POSTED: November 7, 2010 1:00 a.m.

Newspaper competition was furious at times in the old days. At one time Hall County had three weekly newspapers.

The Gainesville Eagle and the Georgia Cracker, which later became the Gainesville News, were particularly at odds with one another from time to time. And neither would mince words when they disagreed in their commentaries.

The Eagle in an 1897 edition took the Cracker to task after the Cracker wrote there was "more malicious, slandering liars to the square mile in Gainesville than any like area in the now known world."

The Eagle in turn retorted, "This is a slander on the people of Gainesville. There are liars everywhere in every town and city, but no more in Gainesville than in any other city of 4,000 inhabitants."

Conceding the town wasn't 100 percent pure, the Eagle gave an example: "... a man who sells a post-oak cow for a 4-gallon Jersey — 4 years old with 11 wrinkles and a button on her horns ... We have a few scattering specimens of other kinds of liars, but not an unreasonable number. The people of Gainesville are truthful, orderly, moral, peace-loving and enterprising. They don't all do to suit us, and don't all take our advice, but perhaps that is nothing to their discredit."

So there.

The Cracker actually was founded in 1888 as the Gainesville Industrial News by James I. Toner, who moved to Gainesville from Wisconsin. H.W.J. Ham, who became nationally known as "Snollygaster" on the Chautauqua speaking circuit, changed the name to the Georgia Cracker when he bought it. A.S. Hardy renamed it the Gainesville News when he and his brother B.H. Hardy bought it in 1897.

A.S. Hardy became a civic, national press and political leader during his more than half century with the newspaper, even serving 16 years as Gainesville postmaster in addition to his editorial duties with the weekly newspaper.

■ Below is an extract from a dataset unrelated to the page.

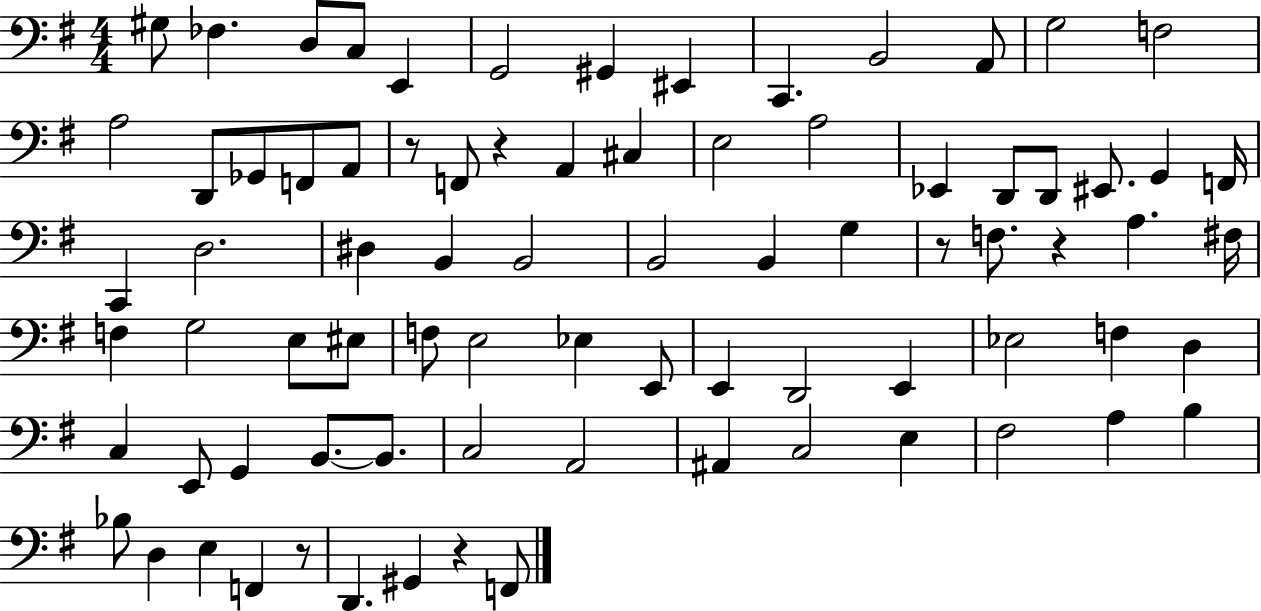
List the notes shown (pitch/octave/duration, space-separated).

One of the more colorful and more quoted editors in these parts was W.B. Townsend of the Dahlonega Nugget. He entertained and outraged readers for more than four decades. An example of his writings: "The only present we received during Christmas was a pair of socks from U.M. England of Atlanta. And ye heretofore soxless editor is all right till these give out."

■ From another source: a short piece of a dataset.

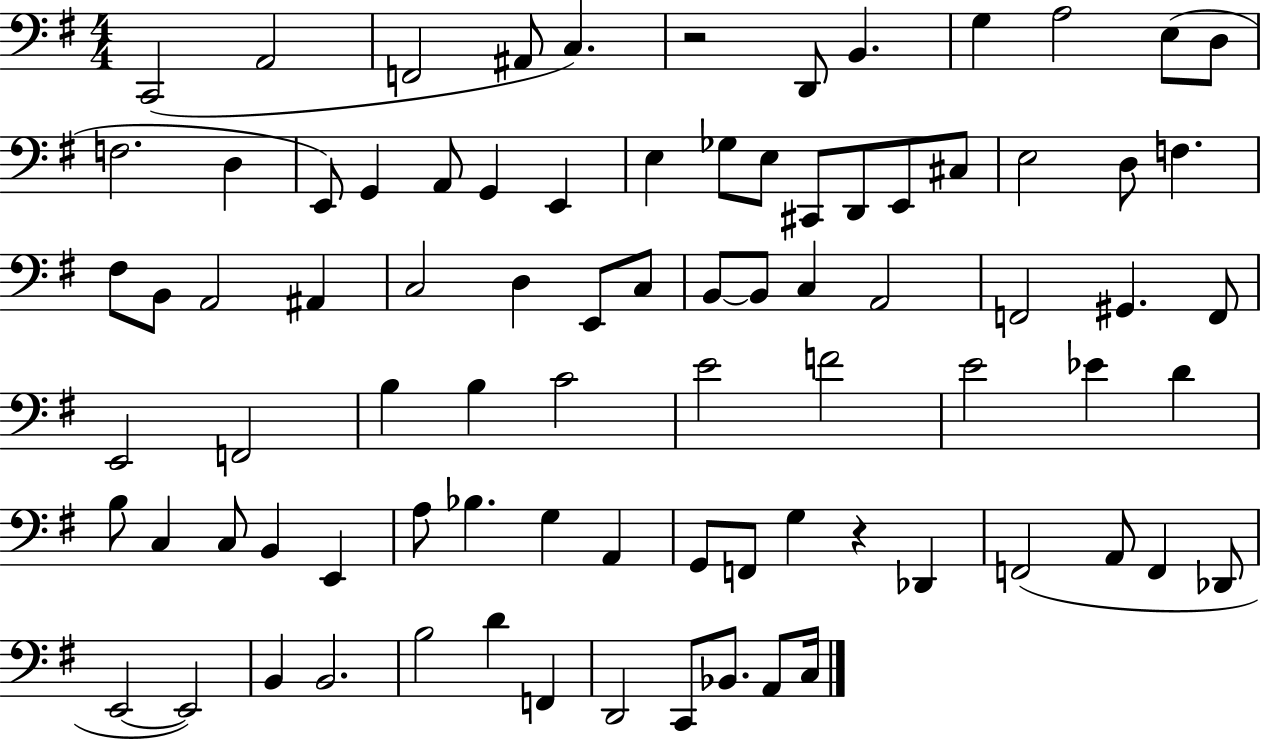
C2/h A2/h F2/h A#2/e C3/q. R/h D2/e B2/q. G3/q A3/h E3/e D3/e F3/h. D3/q E2/e G2/q A2/e G2/q E2/q E3/q Gb3/e E3/e C#2/e D2/e E2/e C#3/e E3/h D3/e F3/q. F#3/e B2/e A2/h A#2/q C3/h D3/q E2/e C3/e B2/e B2/e C3/q A2/h F2/h G#2/q. F2/e E2/h F2/h B3/q B3/q C4/h E4/h F4/h E4/h Eb4/q D4/q B3/e C3/q C3/e B2/q E2/q A3/e Bb3/q. G3/q A2/q G2/e F2/e G3/q R/q Db2/q F2/h A2/e F2/q Db2/e E2/h E2/h B2/q B2/h. B3/h D4/q F2/q D2/h C2/e Bb2/e. A2/e C3/s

Though controversial and despised by some, Townsend was popular enough to win several elective offices, including mayor and ordinary, over the years. Rising at 2 a.m., he worked daily up until a day or two before he died in 1934. The last lines he hand-set for his paper were, "Ye editor is sick." Then he went home, went to bed and died.


It is well known that Dr. E.M. Ham is credited with buying the first car in Gainesville, a Locomobile. But how about the miles per gallon? About 10, or 50 miles on 5 gallons. That's not much worse than some SUV's get today. Dr. Ham first drove the car in June 1902, and that first ride was for eight miles. The car cost $850, not a paltry sum for those days.


In the early days of Boy Scouting in Hall County, Dan Ashford was looking for a few good boys - very good boys. In an appeal for recruits, he sought only "wide-awake, full-blooded American boys ... no cursing, chewing, smoking or any bad habit will be allowed in the troop."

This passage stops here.